====== DATASET RECORDS

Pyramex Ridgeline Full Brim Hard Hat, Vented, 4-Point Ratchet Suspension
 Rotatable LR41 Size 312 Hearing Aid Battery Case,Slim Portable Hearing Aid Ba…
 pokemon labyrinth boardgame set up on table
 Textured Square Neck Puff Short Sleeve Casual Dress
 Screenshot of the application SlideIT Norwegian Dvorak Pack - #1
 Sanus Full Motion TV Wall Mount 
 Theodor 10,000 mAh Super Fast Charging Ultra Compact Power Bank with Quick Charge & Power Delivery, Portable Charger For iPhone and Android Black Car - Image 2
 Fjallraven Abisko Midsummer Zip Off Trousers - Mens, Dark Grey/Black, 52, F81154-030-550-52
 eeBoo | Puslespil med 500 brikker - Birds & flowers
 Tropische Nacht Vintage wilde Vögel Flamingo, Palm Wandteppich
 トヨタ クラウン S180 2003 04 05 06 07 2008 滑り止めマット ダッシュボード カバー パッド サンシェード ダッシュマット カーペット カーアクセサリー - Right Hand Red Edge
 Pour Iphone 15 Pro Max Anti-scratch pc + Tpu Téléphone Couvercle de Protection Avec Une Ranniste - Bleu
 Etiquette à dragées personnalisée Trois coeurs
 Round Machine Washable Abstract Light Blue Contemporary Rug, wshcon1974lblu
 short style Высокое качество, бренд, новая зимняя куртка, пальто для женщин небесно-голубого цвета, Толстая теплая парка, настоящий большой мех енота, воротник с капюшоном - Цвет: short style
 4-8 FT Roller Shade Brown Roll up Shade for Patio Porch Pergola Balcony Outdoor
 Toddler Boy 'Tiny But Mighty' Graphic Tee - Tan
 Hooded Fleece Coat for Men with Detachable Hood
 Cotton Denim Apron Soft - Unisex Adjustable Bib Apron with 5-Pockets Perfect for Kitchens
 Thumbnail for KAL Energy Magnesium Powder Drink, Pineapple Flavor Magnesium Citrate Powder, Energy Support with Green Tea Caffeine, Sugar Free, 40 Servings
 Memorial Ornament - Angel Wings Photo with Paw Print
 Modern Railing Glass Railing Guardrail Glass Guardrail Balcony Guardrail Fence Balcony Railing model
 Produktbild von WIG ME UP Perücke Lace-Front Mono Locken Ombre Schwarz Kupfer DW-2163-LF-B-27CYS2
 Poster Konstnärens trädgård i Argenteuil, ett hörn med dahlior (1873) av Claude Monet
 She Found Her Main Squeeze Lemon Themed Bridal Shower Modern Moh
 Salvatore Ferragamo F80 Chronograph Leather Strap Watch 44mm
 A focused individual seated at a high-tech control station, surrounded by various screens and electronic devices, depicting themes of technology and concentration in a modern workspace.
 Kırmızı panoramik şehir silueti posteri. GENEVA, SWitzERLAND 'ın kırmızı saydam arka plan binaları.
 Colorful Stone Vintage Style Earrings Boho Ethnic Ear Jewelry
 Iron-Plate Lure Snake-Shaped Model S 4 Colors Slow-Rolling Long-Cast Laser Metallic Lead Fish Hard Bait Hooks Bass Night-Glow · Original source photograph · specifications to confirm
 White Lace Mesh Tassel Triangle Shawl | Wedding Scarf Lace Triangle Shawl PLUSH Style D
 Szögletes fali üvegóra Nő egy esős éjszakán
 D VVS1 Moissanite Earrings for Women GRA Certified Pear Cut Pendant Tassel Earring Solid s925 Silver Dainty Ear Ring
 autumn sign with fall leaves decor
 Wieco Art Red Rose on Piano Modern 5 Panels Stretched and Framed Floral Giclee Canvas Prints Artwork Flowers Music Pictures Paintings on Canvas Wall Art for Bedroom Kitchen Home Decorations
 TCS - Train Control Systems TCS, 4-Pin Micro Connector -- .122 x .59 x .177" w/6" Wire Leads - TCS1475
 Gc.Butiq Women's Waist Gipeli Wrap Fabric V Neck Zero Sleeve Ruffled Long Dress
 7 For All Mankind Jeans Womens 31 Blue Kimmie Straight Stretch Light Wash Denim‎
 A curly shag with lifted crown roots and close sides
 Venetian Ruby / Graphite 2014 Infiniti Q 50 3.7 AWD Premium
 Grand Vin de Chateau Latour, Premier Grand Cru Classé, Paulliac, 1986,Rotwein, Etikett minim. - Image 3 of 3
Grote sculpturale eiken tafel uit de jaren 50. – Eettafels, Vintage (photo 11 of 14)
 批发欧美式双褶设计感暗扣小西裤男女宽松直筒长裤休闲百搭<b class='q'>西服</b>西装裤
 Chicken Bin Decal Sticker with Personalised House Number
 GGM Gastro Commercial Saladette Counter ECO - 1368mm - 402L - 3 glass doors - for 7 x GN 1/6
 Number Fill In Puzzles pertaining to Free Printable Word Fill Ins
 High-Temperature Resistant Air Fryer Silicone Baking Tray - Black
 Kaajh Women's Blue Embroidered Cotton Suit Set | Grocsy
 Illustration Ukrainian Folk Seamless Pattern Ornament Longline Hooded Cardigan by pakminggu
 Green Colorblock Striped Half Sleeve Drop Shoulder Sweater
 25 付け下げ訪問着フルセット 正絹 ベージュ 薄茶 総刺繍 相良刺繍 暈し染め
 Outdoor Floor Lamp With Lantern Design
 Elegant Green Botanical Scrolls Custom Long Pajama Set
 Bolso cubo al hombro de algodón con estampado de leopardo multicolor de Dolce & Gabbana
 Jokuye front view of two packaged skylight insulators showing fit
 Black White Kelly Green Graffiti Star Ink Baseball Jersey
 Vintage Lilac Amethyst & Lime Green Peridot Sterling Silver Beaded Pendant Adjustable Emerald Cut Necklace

============

Starting with the line above that holds "eeBoo | Puslespil" and stopping with the line that holds "Salvatore Ferragamo F80", reproduce each line exactly, omitting all other lines.

RESULT OF THIS TASK:
 eeBoo | Puslespil med 500 brikker - Birds & flowers
 Tropische Nacht Vintage wilde Vögel Flamingo, Palm Wandteppich
 トヨタ クラウン S180 2003 04 05 06 07 2008 滑り止めマット ダッシュボード カバー パッド サンシェード ダッシュマット カーペット カーアクセサリー - Right Hand Red Edge
 Pour Iphone 15 Pro Max Anti-scratch pc + Tpu Téléphone Couvercle de Protection Avec Une Ranniste - Bleu
 Etiquette à dragées personnalisée Trois coeurs
 Round Machine Washable Abstract Light Blue Contemporary Rug, wshcon1974lblu
 short style Высокое качество, бренд, новая зимняя куртка, пальто для женщин небесно-голубого цвета, Толстая теплая парка, настоящий большой мех енота, воротник с капюшоном - Цвет: short style
 4-8 FT Roller Shade Brown Roll up Shade for Patio Porch Pergola Balcony Outdoor
 Toddler Boy 'Tiny But Mighty' Graphic Tee - Tan
 Hooded Fleece Coat for Men with Detachable Hood
 Cotton Denim Apron Soft - Unisex Adjustable Bib Apron with 5-Pockets Perfect for Kitchens
 Thumbnail for KAL Energy Magnesium Powder Drink, Pineapple Flavor Magnesium Citrate Powder, Energy Support with Green Tea Caffeine, Sugar Free, 40 Servings
 Memorial Ornament - Angel Wings Photo with Paw Print
 Modern Railing Glass Railing Guardrail Glass Guardrail Balcony Guardrail Fence Balcony Railing model
 Produktbild von WIG ME UP Perücke Lace-Front Mono Locken Ombre Schwarz Kupfer DW-2163-LF-B-27CYS2
 Poster Konstnärens trädgård i Argenteuil, ett hörn med dahlior (1873) av Claude Monet
 She Found Her Main Squeeze Lemon Themed Bridal Shower Modern Moh
 Salvatore Ferragamo F80 Chronograph Leather Strap Watch 44mm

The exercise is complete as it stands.